It's been a desperately sad week for disco. Within four days of each other, two of its major protagonists, Donna Summer and the Bee Gees' Robin Gibb, died. The global outpouring of grief has been intriguing, reminiscent of a glorious period in the history of pop music. Disco, by its very nature, was celebratory, vibrant, colourful and escapist. Summer and the Bee Gees may not have invented the groove-led musical form, but without a doubt, they made it popular. In doing so, they changed music forever, and for the better.
The general consensus is that disco "began" in the clubs of late 1960s and early 1970s New York, such as David Mancuso's famous Loft and Nicky Siano's Gallery. These places didn't necessarily play the music we would come to recognise as disco - the DJs spun a melange of soul, funk and Latin – but in a city riven by social unrest, they became a safe haven where love and togetherness were prized as much as the unifying four-four rhythm which propelled the nights to a state of euphoria.
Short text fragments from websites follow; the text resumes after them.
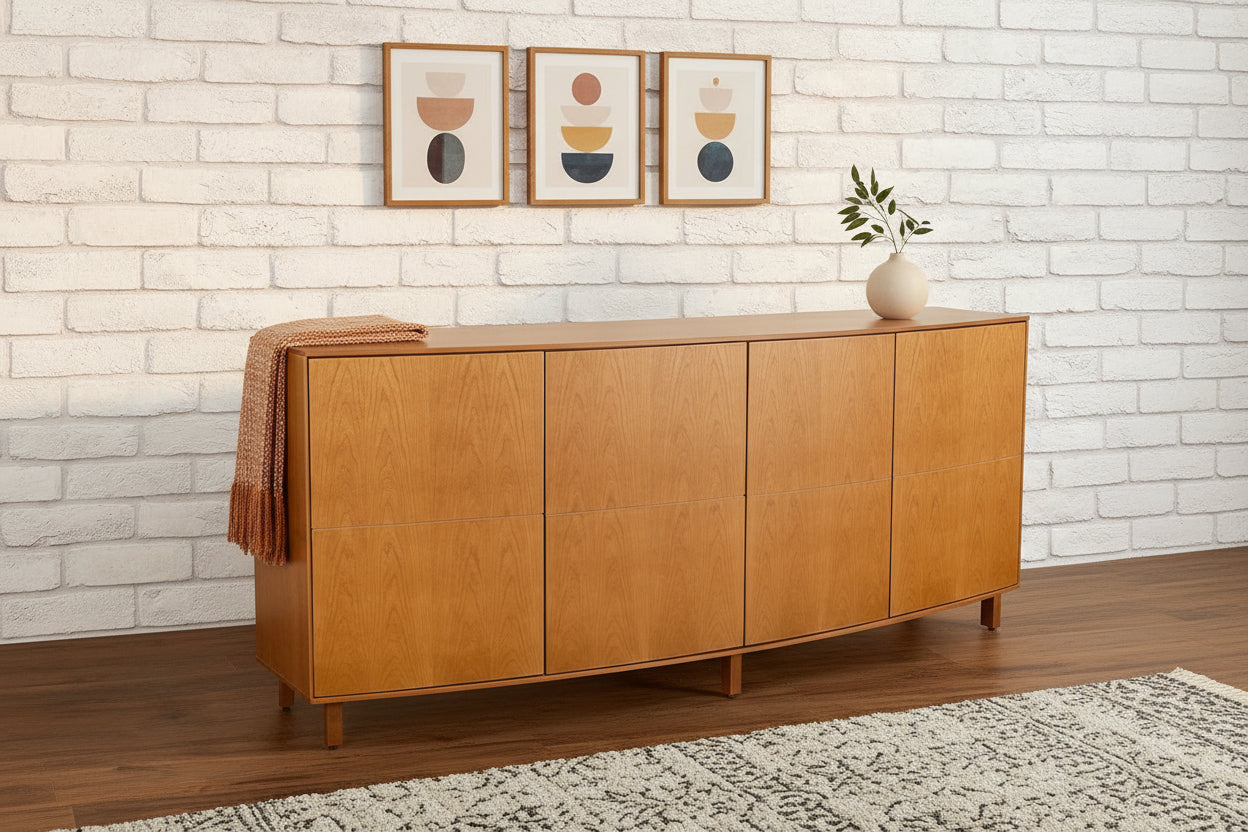 Wood Veneer Sideboard with Curved Design and Soft-Close Drawers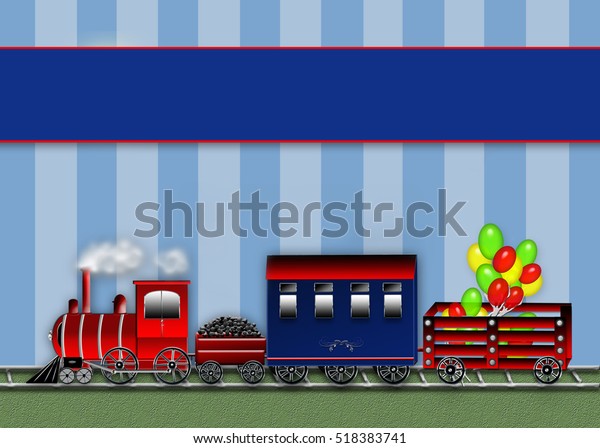 Background illustration\
3-D train with locomotive in front, coal car, passenger and wagon\
filled with balloons.  Graphic Illustration.  Banner above\
available for\
text.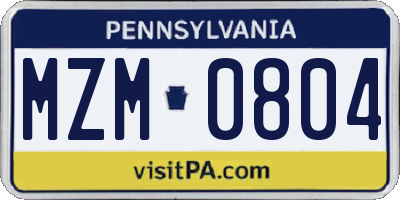 PA license plate MZM0804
At that point the Bee Gees were dressed in smart suits, crooning slushy ballads. Donna Summer, meanwhile, was singing musicals in Germany. But this Manhattan-based sound, with its soaring strings, funk bass lines, horns and, most importantly, uplifting vibe, was infectious.
It was a move to Florida and an encounter with Ahmet Ertegun – who was the head of Atlantic, the record label they would later sign to – that first turned the Bee Gees on to disco's possibilities. But it was what they did with Jive Talkin'- their first disco hit – that really changed the landscape of pop. In marrying the feel-good groove coming out of the clubs with the songwriting nous they'd honed over 12 previous albums, they became the classic disco band. Melding cutting-edge sounds with a chart sensibility would be a trick repeated by everyone from New Order right up to the likes of Rihanna and Lady Gaga. Arguably, the Bee Gees paved the way.
Whether it was from a love of the scene or because of their new-found success will always be a moot point, but the Bee Gees immersed themselves in disco. All of a sudden, they became flamboyant followers of fashion, sporting flared trousers, ultra-tight, unbuttoned polyester shirts and platform shoes. Of course, The Beatles had the unified look a decade earlier, but it was the Bee Gees who seemed to trademark the fashions of an entire scene. Dressing up pop stars became cool and has remained so ever since.
It's no surprise, then, that the Bee Gees were also involved in disco's commercial peak with John Badham's 1977 film Saturday Night Fever. John Travolta gyrated in his white polyester trouser suit to Stayin' Alive, How Deep Is Your Love, Night Fever and More Than a Woman – surely the best four opening tracks in original soundtrack history. It remains the seventh biggest-selling album ever made and is often cited as the first example of cross-media marketing: next time you're heartily sick of the Glee soundtrack before the new series has even started, blame Saturday Night Fever.
Of course, the explosion of mainstream interest that Saturday Night Fever engendered meant disco rose to near total ubiquity and swift, inevitable backlash. Initially, it seemed that time would not treat these high fashions and high voices kindly. But it was Donna Summer's 1977 collaboration with the producer Giorgio Moroder, I Feel Love, that really pointed the way to pop music's future.
Listen to that track now – the first big hit to be wholly synthesised – and it still sounds thrillingly modern. David Bowie tells the story of Brian Eno rushing to play him I Feel Love, excitedly predicting it would change the course of club music for the next 15 years. Disco may have died in name by the early 1980s, but its constituent parts are still present in house music, in pop, in techno and even hip-hop.
Of course, I Feel Love sounds nothing like Jive Talkin'. But that was the beauty of disco: its basis in the ideals of dance-floor unity and hedonism meant it could be all things to all people. And it's why, decades on, dance music is pop music – which is the Bee Gees and Donna Summer's greatest achievement of all.